Content starts

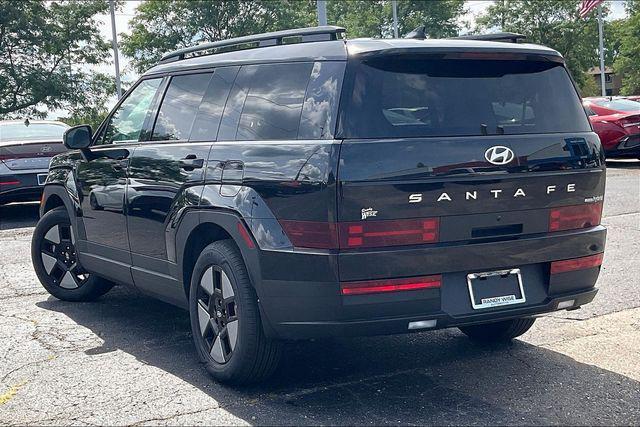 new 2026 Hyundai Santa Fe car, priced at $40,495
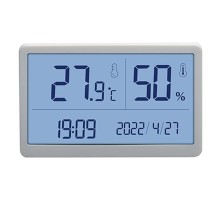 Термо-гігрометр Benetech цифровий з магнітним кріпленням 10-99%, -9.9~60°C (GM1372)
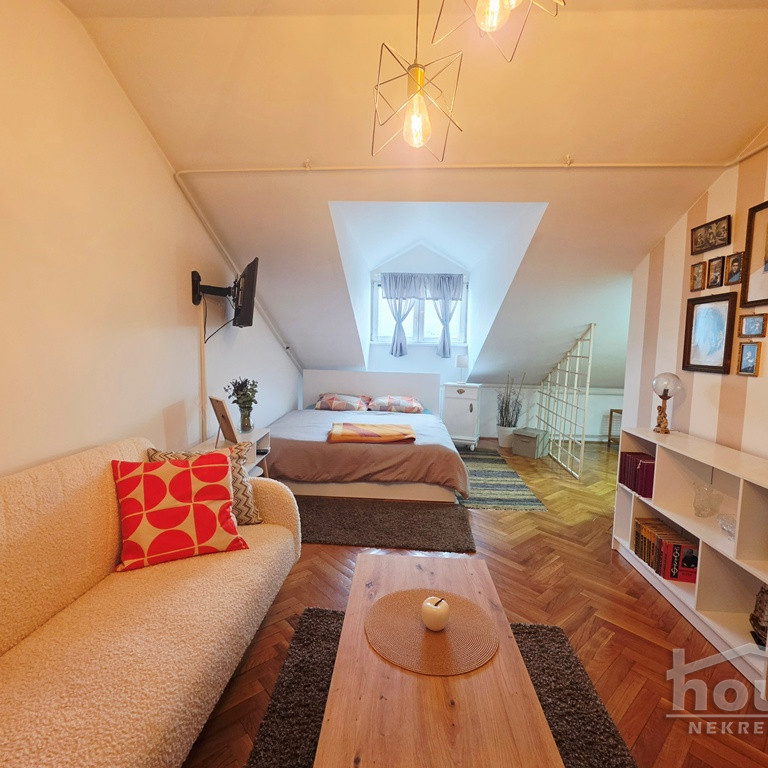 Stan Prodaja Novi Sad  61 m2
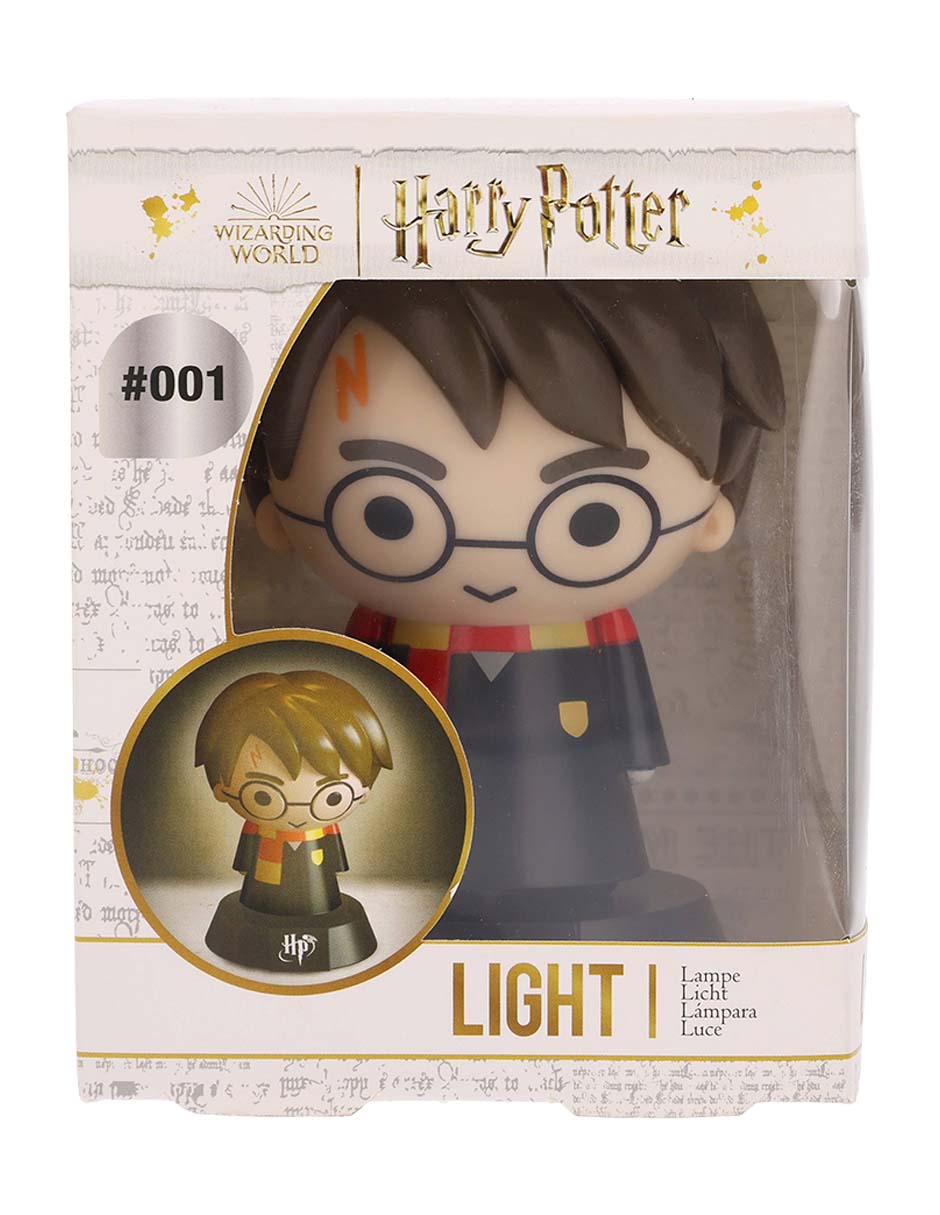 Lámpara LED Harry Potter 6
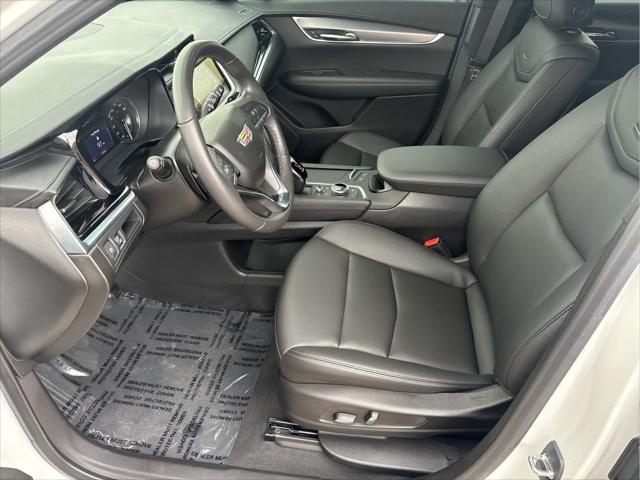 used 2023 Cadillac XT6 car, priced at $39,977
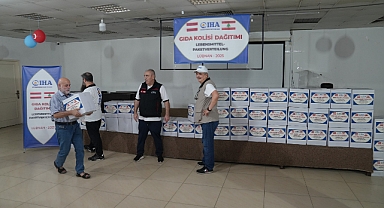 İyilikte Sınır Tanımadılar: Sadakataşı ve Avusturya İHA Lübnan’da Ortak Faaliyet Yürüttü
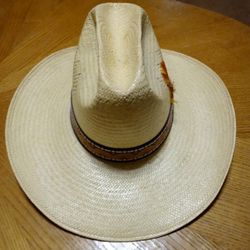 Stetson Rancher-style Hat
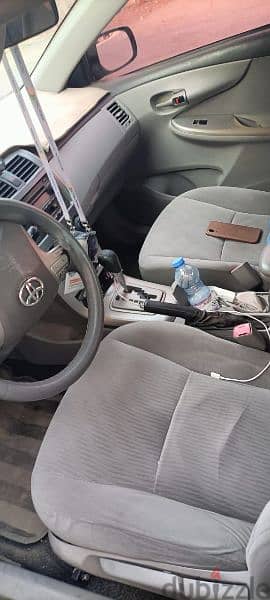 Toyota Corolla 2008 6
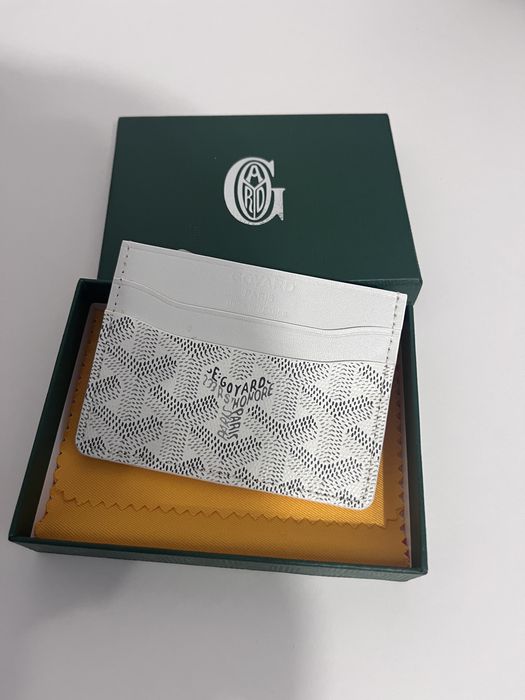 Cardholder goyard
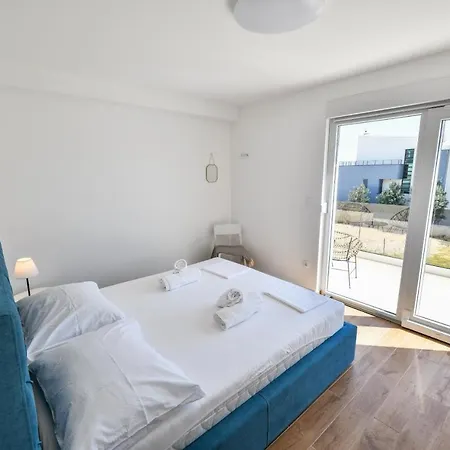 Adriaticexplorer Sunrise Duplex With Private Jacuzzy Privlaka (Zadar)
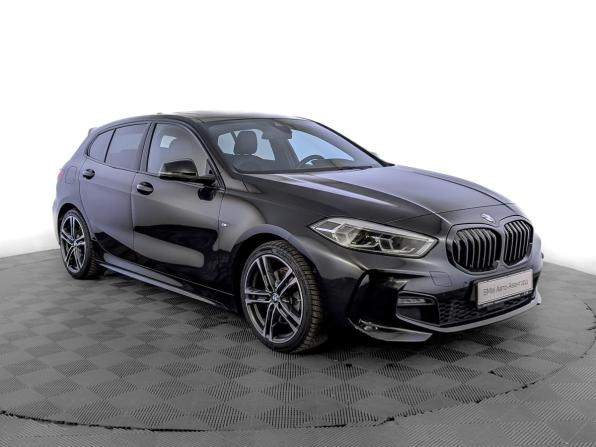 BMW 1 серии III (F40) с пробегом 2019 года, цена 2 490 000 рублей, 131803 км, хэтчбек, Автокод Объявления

Content ends
Content starts

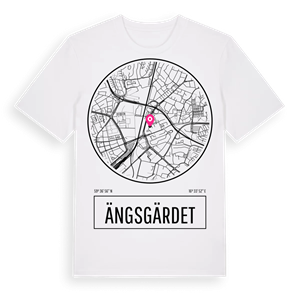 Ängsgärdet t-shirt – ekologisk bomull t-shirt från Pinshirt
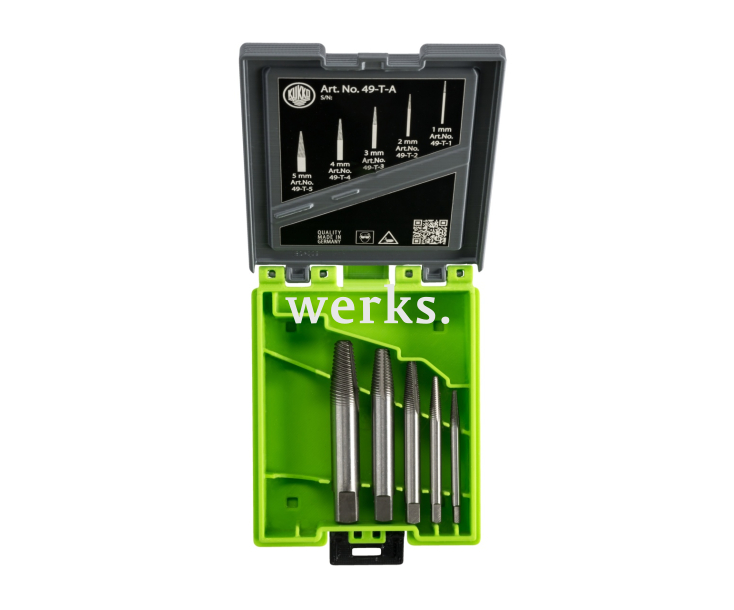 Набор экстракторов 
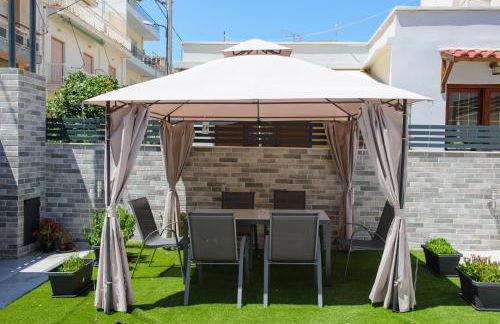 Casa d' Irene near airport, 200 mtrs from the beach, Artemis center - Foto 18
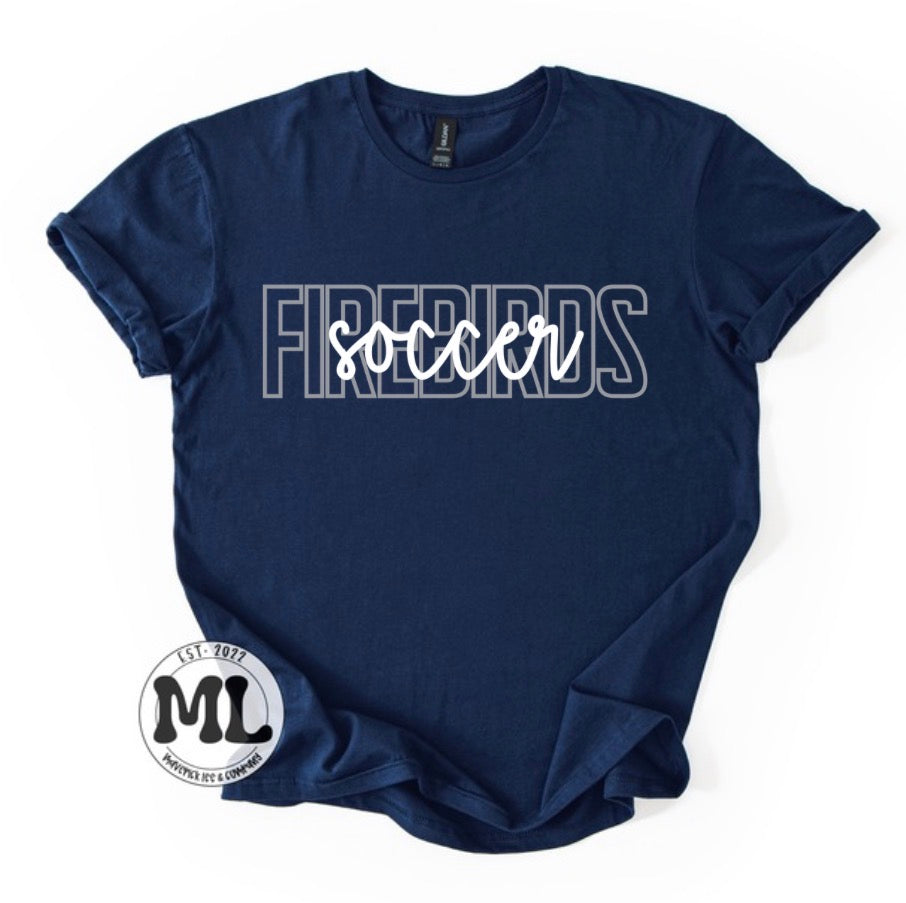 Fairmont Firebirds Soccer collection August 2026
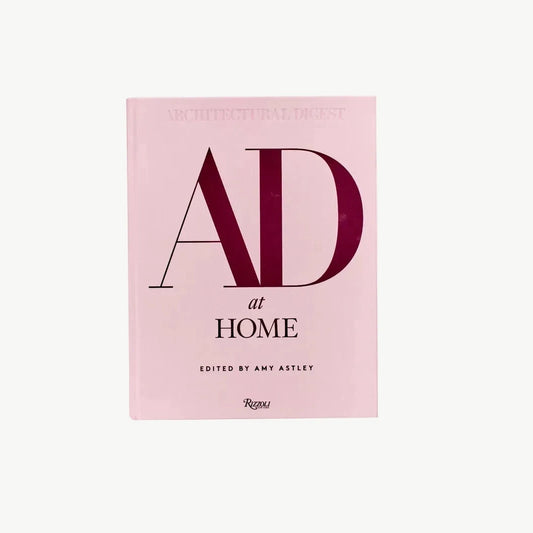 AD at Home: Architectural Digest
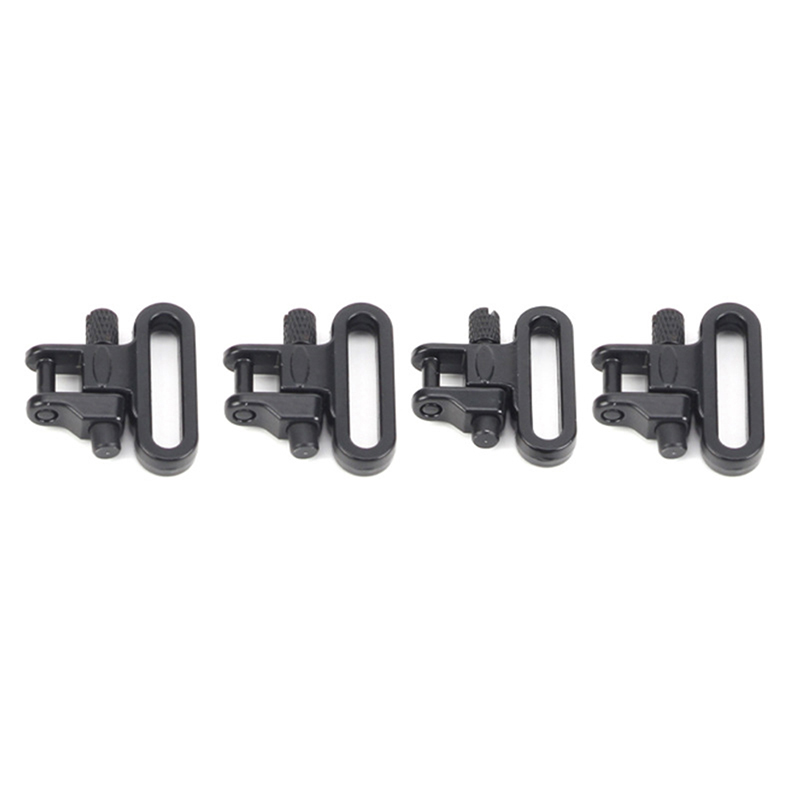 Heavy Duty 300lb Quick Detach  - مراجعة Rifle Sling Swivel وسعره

Content ends
Content starts

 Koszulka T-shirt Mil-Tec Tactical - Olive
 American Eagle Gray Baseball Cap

Content ends

*To do*
Every line above from the one with "Ängsgärdet t-shirt –" down to the one with "Heavy Duty 300lb" must be written out exactly, and no picture may appear.

*Answer to this exercise*
 Ängsgärdet t-shirt – ekologisk bomull t-shirt från Pinshirt
 Набор экстракторов 
 Casa d' Irene near airport, 200 mtrs from the beach, Artemis center - Foto 18
 Fairmont Firebirds Soccer collection August 2026
 AD at Home: Architectural Digest
 Heavy Duty 300lb Quick Detach  - مراجعة Rifle Sling Swivel وسعره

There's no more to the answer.